>>

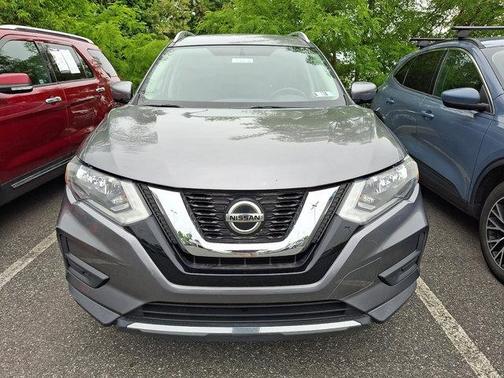 Gun Metallic 2018 Nissan Rogue SV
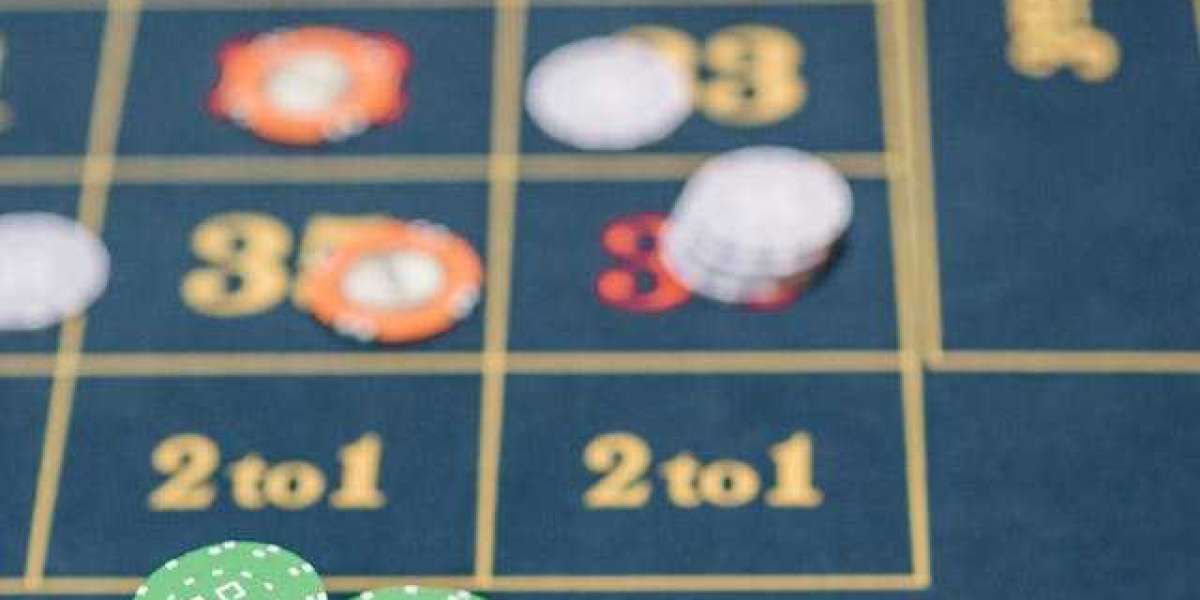 Strategiile de marketing ale cazinourilor online în 2025: Cum influențează comportamentul consumatorilor pe platformele 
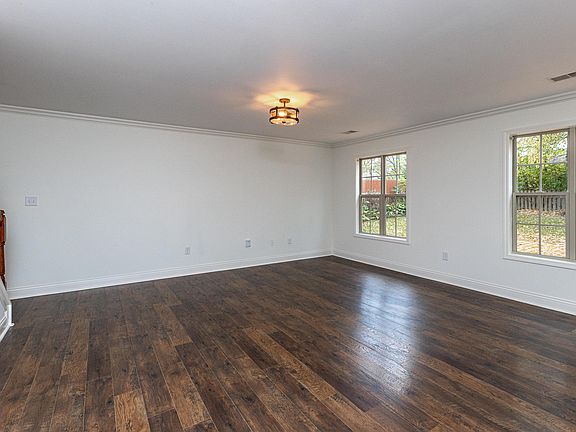 4th image of 1144 Harlan Cir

<<

:: EXERCISE ::
Drop the pictures, then repeat the material word for word.

:: RESULT OF THIS EXERCISE ::
 Gun Metallic 2018 Nissan Rogue SV
 Strategiile de marketing ale cazinourilor online în 2025: Cum influențează comportamentul consumatorilor pe platformele 
 4th image of 1144 Harlan Cir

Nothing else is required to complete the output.